Following up on Libor Squeeze? and Libor and Reserves?...  
"How many people say that the Fed is supplying treasury's (safe-assets or liquidity) when conducting RRPs?  That's a reserve draining operation... RRs are not liquidity reserves (unlike the E-$ market)." - Salmo Trutta
Normally and historically the statement above is correct. These days, things being what they are, nothing is NORMAL, and things are not what they seem, and that could be the whole point.

Nobody is using UNSECURED viz FF and interbank lending, meanwhile LIBOR has been screaming to the upside.


With unsecured interbank lending (Fed Funds) dead, this worthy missive does not comment as to why LIBOR is screaming.


A potential explanation follows. Please bare with me as the following may sound counter intuitive...


Institutions parking funds at the Fed are tapping their "reserves" or "deposits" for quarter end turn premium. 


Limited only by how much "reserves" they have parked at the Fed (JP Morgan is the king),  controlled by collecting IOER (upper bound) and repo rates (lower bound).


Only Treasury securities (approx $2T held by the FED), are available for this purpose, NOT agency, MBS or any T security already involved in a term RRP (no rehypothecation there.)


An overnight RRP transaction shifts some of the liabilities on the Federal Reserve’s balance sheet from deposits held by depository institutions (also known as bank reserves), to reverse repos while the trade is outstanding.


In the process, the participants "deposits" or reserves get drawn down, viz CASH balances at the Fed rise, and systemic CASH liquidity for others gets scarce?  


Thus, the cost of borrowing in CP, CD or Libor (Euro Dollar) jumps and becomes prohibitive unless one is desperate. It's like shooting fish in a barrel...


Is this why we have seen quarter end spikes in REPO? Those Fed ONRRP Treasury securities are being parlayed by the participants (it's a club and you ain't F-ing in it) into quarter turn premium?  


Thus, in a very perverse way, making O/N RRP (overnight reverse repo) at the Fed the defacto liquidity reserves?  


Moving forward, as excess reserves and Fed book continue to shrink, how does this affect systemic liquidity?

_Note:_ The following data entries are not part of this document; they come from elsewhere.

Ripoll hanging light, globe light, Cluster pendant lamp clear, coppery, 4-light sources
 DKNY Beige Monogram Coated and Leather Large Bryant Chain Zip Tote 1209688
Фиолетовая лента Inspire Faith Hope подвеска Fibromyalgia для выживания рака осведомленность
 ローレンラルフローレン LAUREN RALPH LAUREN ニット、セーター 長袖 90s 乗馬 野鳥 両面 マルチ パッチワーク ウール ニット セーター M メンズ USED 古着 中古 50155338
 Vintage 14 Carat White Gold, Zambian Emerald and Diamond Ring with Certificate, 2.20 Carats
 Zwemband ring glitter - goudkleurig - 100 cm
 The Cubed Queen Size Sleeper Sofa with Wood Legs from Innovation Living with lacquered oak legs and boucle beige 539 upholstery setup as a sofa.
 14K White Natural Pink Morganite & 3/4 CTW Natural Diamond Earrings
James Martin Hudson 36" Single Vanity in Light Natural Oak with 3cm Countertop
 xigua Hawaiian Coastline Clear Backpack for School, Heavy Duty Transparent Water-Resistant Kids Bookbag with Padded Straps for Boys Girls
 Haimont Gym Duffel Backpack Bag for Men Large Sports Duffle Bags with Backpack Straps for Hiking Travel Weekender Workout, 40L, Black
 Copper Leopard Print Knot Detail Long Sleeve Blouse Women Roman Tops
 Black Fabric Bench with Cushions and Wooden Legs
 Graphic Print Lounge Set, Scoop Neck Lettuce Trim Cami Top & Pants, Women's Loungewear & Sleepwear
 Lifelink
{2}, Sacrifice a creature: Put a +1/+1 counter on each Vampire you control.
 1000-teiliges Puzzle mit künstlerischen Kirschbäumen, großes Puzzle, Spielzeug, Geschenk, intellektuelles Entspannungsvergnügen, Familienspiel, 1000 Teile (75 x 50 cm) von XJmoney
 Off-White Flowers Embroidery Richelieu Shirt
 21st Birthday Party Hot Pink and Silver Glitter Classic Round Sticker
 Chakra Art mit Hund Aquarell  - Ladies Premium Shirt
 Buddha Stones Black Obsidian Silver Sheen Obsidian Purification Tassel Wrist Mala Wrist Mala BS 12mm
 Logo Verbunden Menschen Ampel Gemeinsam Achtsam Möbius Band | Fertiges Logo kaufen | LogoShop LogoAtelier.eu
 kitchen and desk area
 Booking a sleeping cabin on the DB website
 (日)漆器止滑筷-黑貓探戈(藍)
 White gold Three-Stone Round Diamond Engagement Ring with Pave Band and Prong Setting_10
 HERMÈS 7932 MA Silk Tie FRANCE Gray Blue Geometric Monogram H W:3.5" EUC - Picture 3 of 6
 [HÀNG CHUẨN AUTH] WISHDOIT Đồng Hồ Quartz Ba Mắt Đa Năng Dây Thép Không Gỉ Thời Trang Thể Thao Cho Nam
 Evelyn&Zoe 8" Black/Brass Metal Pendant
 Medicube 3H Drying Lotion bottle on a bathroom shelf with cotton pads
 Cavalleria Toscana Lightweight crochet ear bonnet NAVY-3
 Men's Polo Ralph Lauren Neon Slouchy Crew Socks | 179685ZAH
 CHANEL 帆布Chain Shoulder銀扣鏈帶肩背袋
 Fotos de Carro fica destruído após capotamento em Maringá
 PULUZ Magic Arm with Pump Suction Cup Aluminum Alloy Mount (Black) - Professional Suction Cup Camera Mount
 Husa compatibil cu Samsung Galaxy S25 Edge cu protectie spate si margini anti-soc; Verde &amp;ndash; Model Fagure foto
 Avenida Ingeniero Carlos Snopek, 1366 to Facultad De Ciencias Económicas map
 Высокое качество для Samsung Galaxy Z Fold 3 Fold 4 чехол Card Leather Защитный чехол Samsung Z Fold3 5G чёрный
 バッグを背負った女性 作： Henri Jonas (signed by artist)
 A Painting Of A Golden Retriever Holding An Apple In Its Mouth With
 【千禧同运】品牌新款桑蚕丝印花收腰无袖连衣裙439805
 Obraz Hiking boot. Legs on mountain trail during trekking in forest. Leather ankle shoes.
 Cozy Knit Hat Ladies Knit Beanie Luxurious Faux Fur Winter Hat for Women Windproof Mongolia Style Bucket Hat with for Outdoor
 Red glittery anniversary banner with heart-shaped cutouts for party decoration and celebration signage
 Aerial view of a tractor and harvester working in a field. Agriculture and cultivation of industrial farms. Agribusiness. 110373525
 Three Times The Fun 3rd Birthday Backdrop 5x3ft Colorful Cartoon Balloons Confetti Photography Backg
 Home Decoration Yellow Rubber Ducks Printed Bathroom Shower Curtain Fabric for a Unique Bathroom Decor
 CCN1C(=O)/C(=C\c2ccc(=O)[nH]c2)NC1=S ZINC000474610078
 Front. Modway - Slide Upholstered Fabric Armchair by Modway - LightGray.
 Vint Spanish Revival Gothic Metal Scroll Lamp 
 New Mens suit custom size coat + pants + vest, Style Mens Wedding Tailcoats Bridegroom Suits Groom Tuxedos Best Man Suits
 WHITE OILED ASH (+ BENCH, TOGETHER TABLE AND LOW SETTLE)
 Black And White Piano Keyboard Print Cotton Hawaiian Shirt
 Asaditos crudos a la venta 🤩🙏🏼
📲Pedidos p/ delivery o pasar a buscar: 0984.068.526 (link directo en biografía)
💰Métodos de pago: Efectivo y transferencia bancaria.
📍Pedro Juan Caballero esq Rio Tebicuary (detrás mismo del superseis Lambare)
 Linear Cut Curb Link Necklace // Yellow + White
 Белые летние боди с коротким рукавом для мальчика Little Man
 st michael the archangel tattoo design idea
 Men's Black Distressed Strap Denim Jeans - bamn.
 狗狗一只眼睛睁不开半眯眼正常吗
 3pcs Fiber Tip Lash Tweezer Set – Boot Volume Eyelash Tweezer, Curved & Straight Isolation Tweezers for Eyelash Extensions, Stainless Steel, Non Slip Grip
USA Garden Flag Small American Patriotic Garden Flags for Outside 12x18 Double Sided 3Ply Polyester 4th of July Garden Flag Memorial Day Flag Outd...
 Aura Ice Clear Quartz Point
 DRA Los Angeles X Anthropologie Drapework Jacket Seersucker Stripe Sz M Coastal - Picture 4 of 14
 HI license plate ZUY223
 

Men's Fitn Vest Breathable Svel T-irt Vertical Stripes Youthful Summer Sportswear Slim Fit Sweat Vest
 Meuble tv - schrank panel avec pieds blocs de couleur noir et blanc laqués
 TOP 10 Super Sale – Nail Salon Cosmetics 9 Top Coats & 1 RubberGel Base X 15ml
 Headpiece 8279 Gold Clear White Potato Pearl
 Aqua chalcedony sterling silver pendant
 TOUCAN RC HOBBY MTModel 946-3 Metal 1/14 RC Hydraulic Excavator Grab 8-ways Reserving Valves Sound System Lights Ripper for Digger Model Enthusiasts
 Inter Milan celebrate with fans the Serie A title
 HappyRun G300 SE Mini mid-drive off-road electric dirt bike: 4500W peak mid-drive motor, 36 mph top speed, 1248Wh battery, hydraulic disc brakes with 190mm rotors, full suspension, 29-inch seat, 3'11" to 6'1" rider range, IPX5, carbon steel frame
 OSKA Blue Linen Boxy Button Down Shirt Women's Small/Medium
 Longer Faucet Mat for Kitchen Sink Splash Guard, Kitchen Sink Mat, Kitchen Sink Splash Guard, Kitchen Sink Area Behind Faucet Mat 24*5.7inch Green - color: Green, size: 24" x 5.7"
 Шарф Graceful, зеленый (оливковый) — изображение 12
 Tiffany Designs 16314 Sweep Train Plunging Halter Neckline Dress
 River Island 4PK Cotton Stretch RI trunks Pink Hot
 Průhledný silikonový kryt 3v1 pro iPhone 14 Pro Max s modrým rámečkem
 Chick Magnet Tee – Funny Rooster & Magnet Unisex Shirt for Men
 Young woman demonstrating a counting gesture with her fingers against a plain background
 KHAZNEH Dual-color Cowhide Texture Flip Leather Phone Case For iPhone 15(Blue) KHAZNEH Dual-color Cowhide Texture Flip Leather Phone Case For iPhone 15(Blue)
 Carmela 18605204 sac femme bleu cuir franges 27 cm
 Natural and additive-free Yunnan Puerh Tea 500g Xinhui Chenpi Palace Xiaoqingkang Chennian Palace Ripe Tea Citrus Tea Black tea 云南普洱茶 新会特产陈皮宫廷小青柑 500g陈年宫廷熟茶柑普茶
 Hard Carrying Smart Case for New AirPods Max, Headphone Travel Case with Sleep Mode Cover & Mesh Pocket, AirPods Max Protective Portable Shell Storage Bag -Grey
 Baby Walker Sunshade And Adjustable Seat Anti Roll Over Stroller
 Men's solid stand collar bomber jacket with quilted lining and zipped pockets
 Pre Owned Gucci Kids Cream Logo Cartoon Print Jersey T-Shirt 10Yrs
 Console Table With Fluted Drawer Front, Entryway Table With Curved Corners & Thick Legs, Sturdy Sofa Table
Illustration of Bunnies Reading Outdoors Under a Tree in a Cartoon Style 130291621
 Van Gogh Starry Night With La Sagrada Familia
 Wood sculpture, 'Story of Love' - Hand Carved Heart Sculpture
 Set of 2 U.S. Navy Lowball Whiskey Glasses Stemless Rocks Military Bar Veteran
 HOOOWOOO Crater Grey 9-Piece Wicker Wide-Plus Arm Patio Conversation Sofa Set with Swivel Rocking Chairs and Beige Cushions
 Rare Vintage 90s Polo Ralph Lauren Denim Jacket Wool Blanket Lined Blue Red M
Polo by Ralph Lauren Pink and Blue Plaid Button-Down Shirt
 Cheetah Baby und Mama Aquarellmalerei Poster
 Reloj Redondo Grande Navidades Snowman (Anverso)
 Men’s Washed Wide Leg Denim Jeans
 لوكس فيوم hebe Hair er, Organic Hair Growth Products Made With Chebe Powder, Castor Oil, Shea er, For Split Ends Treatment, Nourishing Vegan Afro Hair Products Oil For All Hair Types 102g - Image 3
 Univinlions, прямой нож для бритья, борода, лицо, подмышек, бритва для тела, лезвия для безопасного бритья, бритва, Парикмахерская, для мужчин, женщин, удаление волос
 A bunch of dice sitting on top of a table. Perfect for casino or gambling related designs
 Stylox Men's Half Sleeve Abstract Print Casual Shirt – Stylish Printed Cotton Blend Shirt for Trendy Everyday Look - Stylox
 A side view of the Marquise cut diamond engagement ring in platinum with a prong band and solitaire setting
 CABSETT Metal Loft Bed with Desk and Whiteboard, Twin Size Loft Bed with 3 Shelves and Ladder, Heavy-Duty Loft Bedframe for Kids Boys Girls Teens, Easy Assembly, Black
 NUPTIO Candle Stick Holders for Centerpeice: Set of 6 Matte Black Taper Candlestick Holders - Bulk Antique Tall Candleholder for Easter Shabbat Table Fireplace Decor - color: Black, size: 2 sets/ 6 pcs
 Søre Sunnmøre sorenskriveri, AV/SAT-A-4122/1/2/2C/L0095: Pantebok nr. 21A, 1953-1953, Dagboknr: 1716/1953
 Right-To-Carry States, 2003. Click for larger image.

Speaking of turn and LIBOR premiums, did anyone notice the Fed proposed SOFR an alternative to LIBOR?  FOMC announced SOFR in AUGUST 2017 with two other proposed rates, and finalized on Dec 8th, 2017


Quarter end is coming and there's more than meets the eye, so TNN needs to dig deeper.  More to come in A SOFR Squeeze? , stay tuned, no flippin.

Comments

Salmo Trutta said…
https://www.zerohedge.com/news/2018-06-24/bis-confirms-banks-use-lehman-stryle-trick-disguise-debt-engage-window-dressing

BIS Confirms Banks Use "Lehman-Style Trick" To Disguise Debt, Engage In "Window Dressing"
Mr. Naybob said…
Salmo - Repo allows banks to deflate balance sheets at reporting time, hence the window dressing, underestimated leverage ratio, diminished prudential usefulness for such, and the Q End ruck for liquidity.